Instruction for the data below: set down exactly the lines from the line with "Technology Developer Accelerator" to the line with "S Chap 6: The", inclusive, and no others.

-------------------------

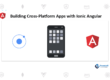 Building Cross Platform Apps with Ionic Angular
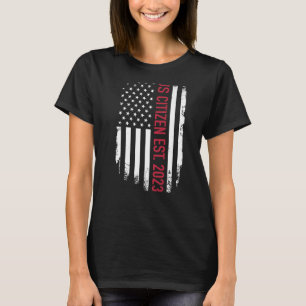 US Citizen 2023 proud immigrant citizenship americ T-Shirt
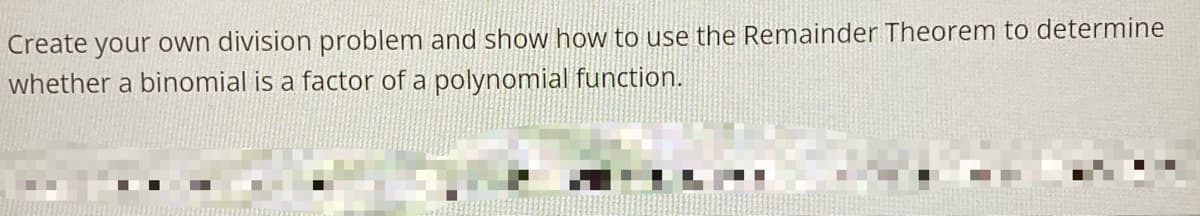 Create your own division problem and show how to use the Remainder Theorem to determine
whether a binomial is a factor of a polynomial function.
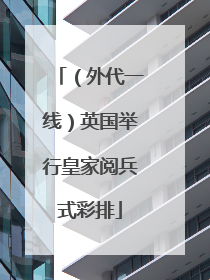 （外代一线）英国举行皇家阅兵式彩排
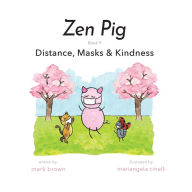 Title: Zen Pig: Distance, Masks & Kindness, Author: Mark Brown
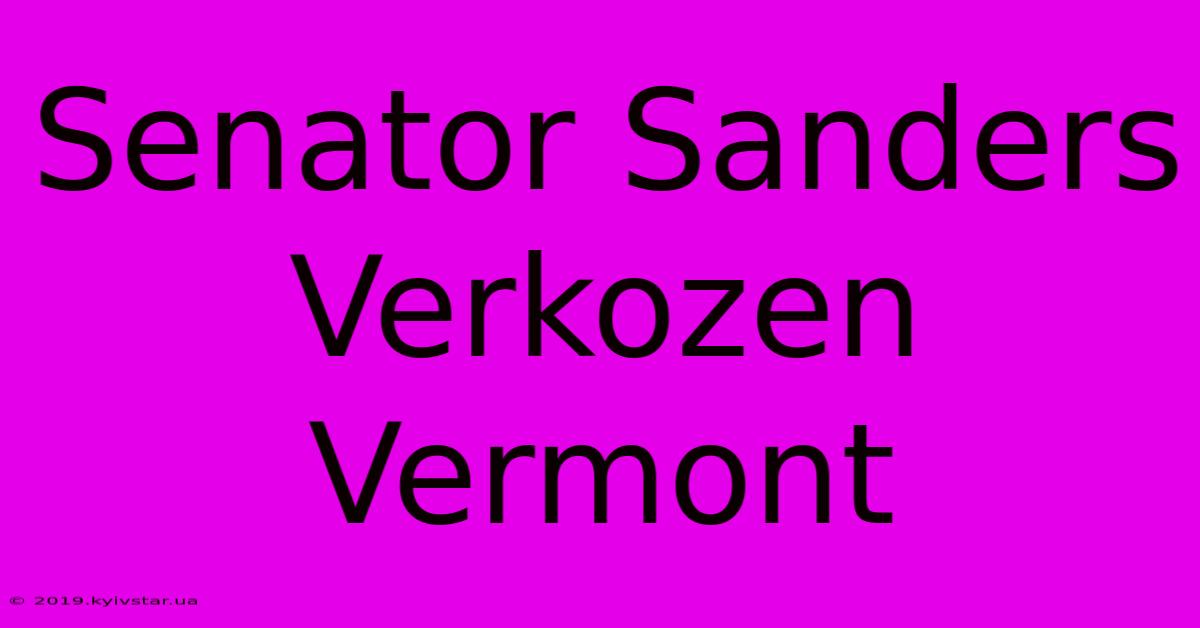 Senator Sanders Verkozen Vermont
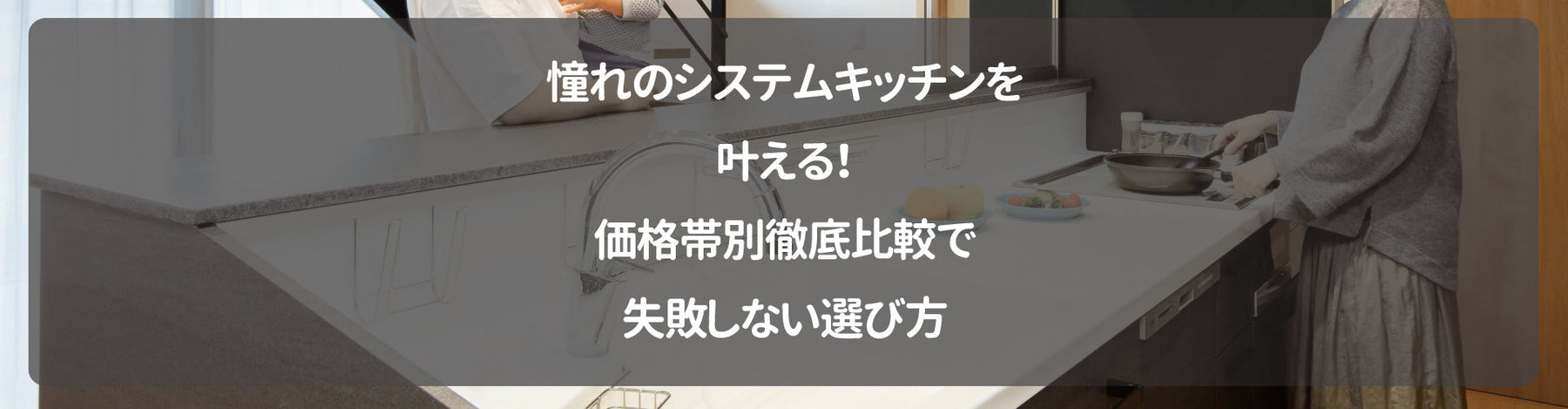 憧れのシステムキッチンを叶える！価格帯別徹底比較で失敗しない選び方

-------------------------

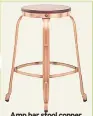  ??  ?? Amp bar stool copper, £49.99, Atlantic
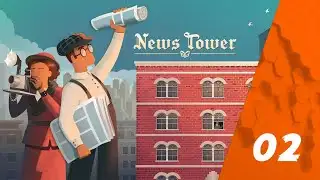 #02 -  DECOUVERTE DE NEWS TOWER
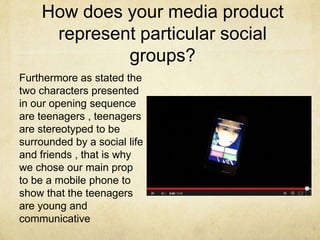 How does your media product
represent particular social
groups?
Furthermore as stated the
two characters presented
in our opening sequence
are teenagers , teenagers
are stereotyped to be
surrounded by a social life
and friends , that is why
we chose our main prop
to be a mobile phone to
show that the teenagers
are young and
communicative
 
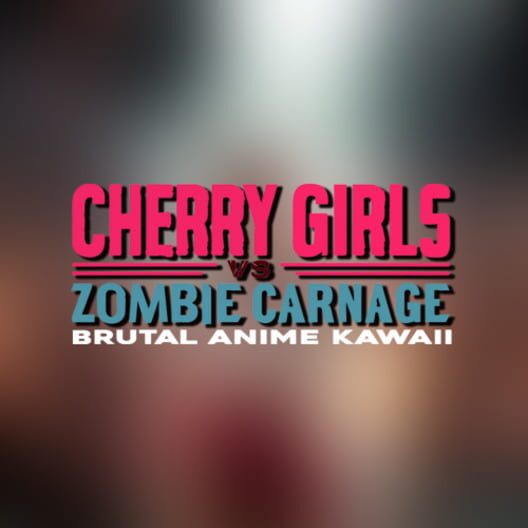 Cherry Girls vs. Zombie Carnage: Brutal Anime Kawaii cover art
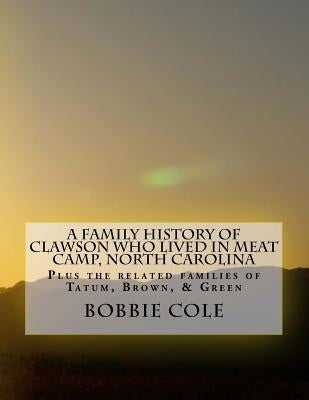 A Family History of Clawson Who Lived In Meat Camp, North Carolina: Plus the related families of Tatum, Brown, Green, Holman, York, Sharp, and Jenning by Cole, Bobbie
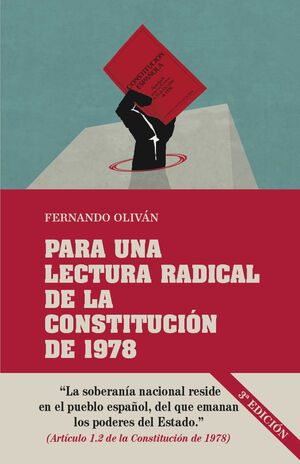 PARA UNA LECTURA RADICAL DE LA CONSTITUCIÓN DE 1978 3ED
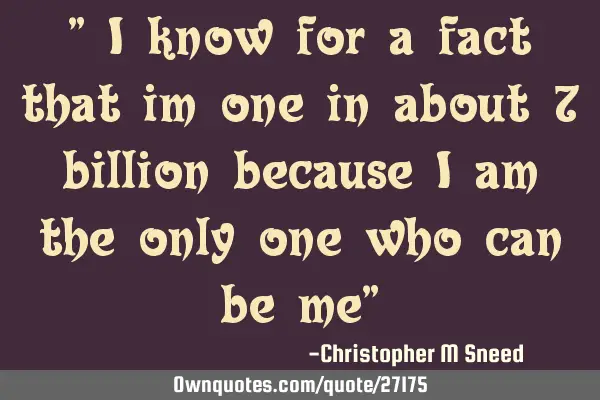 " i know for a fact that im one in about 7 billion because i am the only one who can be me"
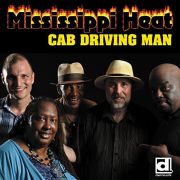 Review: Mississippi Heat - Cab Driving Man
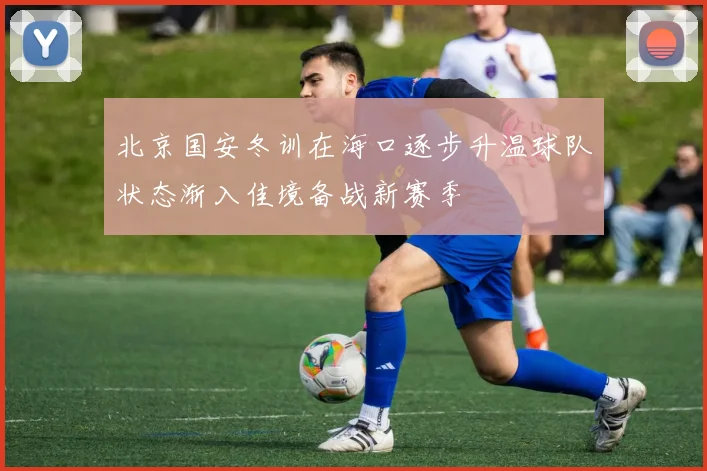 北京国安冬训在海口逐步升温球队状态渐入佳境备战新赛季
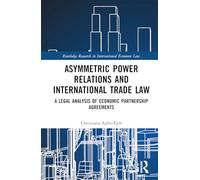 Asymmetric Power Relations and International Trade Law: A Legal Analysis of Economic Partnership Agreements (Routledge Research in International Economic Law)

-------------------------

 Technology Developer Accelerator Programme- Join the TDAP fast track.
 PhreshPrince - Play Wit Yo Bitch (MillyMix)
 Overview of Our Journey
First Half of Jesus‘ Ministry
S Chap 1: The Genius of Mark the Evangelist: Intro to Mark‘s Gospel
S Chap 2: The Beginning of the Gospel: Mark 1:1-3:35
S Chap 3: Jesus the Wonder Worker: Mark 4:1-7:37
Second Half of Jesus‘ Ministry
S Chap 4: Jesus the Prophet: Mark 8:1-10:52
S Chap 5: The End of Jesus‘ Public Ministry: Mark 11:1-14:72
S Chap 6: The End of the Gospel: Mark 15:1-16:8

-------------------------

**Response:**
 Technology Developer Accelerator Programme- Join the TDAP fast track.
 PhreshPrince - Play Wit Yo Bitch (MillyMix)
 Overview of Our Journey
First Half of Jesus‘ Ministry
S Chap 1: The Genius of Mark the Evangelist: Intro to Mark‘s Gospel
S Chap 2: The Beginning of the Gospel: Mark 1:1-3:35
S Chap 3: Jesus the Wonder Worker: Mark 4:1-7:37
Second Half of Jesus‘ Ministry
S Chap 4: Jesus the Prophet: Mark 8:1-10:52
S Chap 5: The End of Jesus‘ Public Ministry: Mark 11:1-14:72
S Chap 6: The End of the Gospel: Mark 15:1-16:8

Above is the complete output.